Ecosyste.ms: Awesome

An open API service indexing awesome lists of open source software.

Awesome Lists | Featured Topics | Projects

https://github.com/mjpost/extract-spfeatures

Extracts the Charniak & Johnson (ACL 2005) feature set from PTB-style trees.
https://github.com/mjpost/extract-spfeatures

Last synced: about 2 months ago
JSON representation

Extracts the Charniak & Johnson (ACL 2005) feature set from PTB-style trees.

Awesome Lists containing this project

README

        

Matt Post
September 2011
--

NOTE (2012-02-28): A rather serious bug was found that removed the
final digit from any feature ID ending in 0 and having a count >=2
for a particular parse tree.

--

This package is a wrapper around Eugene Charniak and Mark Johnson's
parse tree feature extractor, described in their 2005 paper:

@inproceedings{charniak2005coarse,
Title = {Coarse-to-fine n-best parsing and {MaxEnt} discriminative
Author = {Charniak, Eugene and Johnson, Mark},
Address = {Ann Arbor, Michigan, USA},
Booktitle = {Proc.\ ACL},
Month = {June},
Year = {2005}
}

The purpose of the wrapper is to allow features to be extracted over
single parse tree instances. As written, the feature extractor
distributed with the code published by Mark Johnson (and available at
http://web.science.mq.edu.au/~mjohnson/code/reranking-parser-Nov2009.tgz)
is highly suited for their particular purpose of discriminative n-best
parse tree reranking, requiring corresponding gold standard parse
trees and outputting information in a format used by their MaxEnt
training code.

In addition to the wrapper script, this package includes the
a modified version of the "extract-spfeatures" program with the
following changes:

- Pseudo-constant features (ones that are the same for all items on an
n-best list) are not output in the C&J code, because they have no
discriminative ability. My changes disable this disabling.

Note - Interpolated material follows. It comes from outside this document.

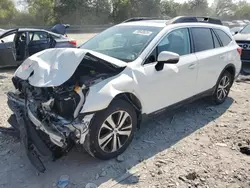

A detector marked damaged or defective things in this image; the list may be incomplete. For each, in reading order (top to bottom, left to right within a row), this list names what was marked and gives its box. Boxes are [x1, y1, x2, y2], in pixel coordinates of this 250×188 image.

crumpled front end [6, 48, 126, 172]
crushed hood [13, 47, 127, 87]
damaged white subaru outback [7, 16, 242, 172]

- It defins a "local" feature set, which is the set of features that
can be computed over single hyper-edges (including their head and
tail nodes).

- The minimum feature count threshold has been changed from 5 to 1.
This is done so that you'll see features even if you pass it a
single parse tree. If you plan to compute features over a whole set
of parse trees, you should increase this setting to 5 (--min 5).

See the INSTALL file for details on compiling (hint: type "make").

== USAGE =============================================================

To run the program, you need a file or stream of parse trees, one per
line. Then invoke the wrapper as follows:

$ cat parse_trees | extract.pl [options] > features 2> feature_map

This writes the features extracted for each parse tree to the file
"features" and the mapping between feature id and feature name to the
file "feature_map". The script can also map the feature IDs back to
the feature names they were computed from, but be warned that this
generates an enormous amount of text:

$ cat parse_trees | extract.pl --undo-map [options] > features

Parse trees should follow standard bracketing format, with a
root-level label and all no mixing of terminals and preterminals
(i.e., all terminals must be immediately governed by a preterminal).
For example,

(TOP (S (NP (DT The) (NN boy)) (VP (VBD was)) (. .)))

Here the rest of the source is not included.